Sofyan Djalil pasti bukan orang pelosok rimba yang cuma berpendidikan SD dan tinggal di dalam gua bawah tanah tanpa apa-apa hingga saat ini. Artinya, sebagai salah seorang pejabat pemerintah RI pasca millennium ini, Sofyan seharusnya bisa menganalisa secara sekilas mengenai dampak negatif sosial-politik masyarakat (bukannya segelintir tapi lantas digebyah-uyahkan menjadi seluruh!) Indonesia akibat acara parodi politiknya Republik Mimpi.

Sayangnya, ketidakdewasaan sosial seorang Sofyan Djalil enggan bergumul dengan intelektualitas-rasionalitasnya sendiri. Dia sama sekali tidak menggunakan rasionalitas-nya secara optimal-mumpuni, juga tidak relevan dan signifikan (lagi-lagi meniru istilahnya Jarwo Kwat!) pasca reformasi ketika mencermati fenomena dan respon masyarakat luas (bukan secuil masyarakat lantas diklaim jadi mayoritas!) mengenai parodi politik dan Republik Mimpi.

Seharusnya Sofyan benar-benar sanggup menerka bahwa jumlah penonton Republik Mimpi bukan berarti sama banyaknya dengan penonton Empat Mata, tayangan hantu-hantu bergentayangan, dunia binatang, sinetron relijius, termasuk konsep dan sasaran masing-masing. Kemudian, mencoba membuat semacam polling pendapat mengenai tayangan Republik Mimpi tersebut di seluruh lapisan masyarakat, serta bagaimana pula tanggapan/kesukaan mereka terhadap tayangan tivi lainnya semisal Empat Mata.

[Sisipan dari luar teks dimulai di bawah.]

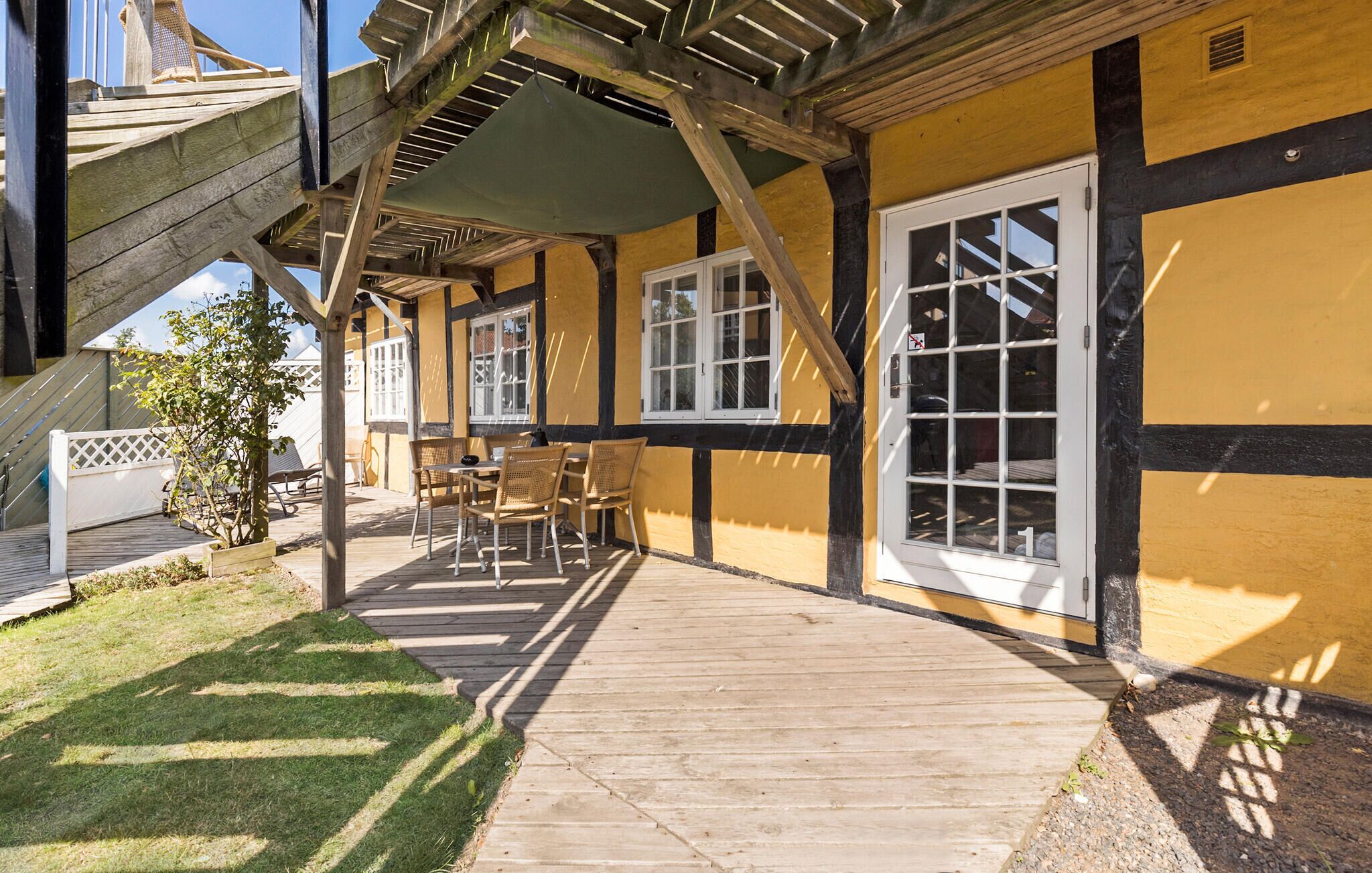 Ein überdachter Patio-Bereich mit Holzdeck, Sitzgelegenheiten im Freien und Blick auf ein gelbes Gebäude mit schwarzer Verzierung und weißen Fenstern.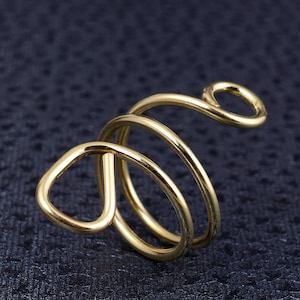 May include: A gold-toned ring with a unique, abstract design. The ring is made of three intertwined bands that form a spiral shape. The top of the ring has a small loop.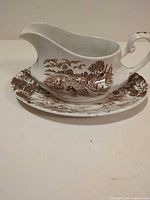side view of gravy boat on underplate showing scenic pattern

Persoalan apakah masyarakat lebih membutuhkan parodi politik seperti Republik Mimpi ataukah perolokan katro seperti Empat Mata, saya pikir, tidak usah repot-repot dianalisa sampai berkeringat darah. Bukankah selama ini pun sudah jamak istilah hiburan/humor kelas jalanan, kelas kampungan, kelas jelata, kelas jelalatan, kelas gedongan, kelas intelektual, kelas majikan, kelas bawahan, dan hiburan-hiburan/humor-humor kelas lainnya?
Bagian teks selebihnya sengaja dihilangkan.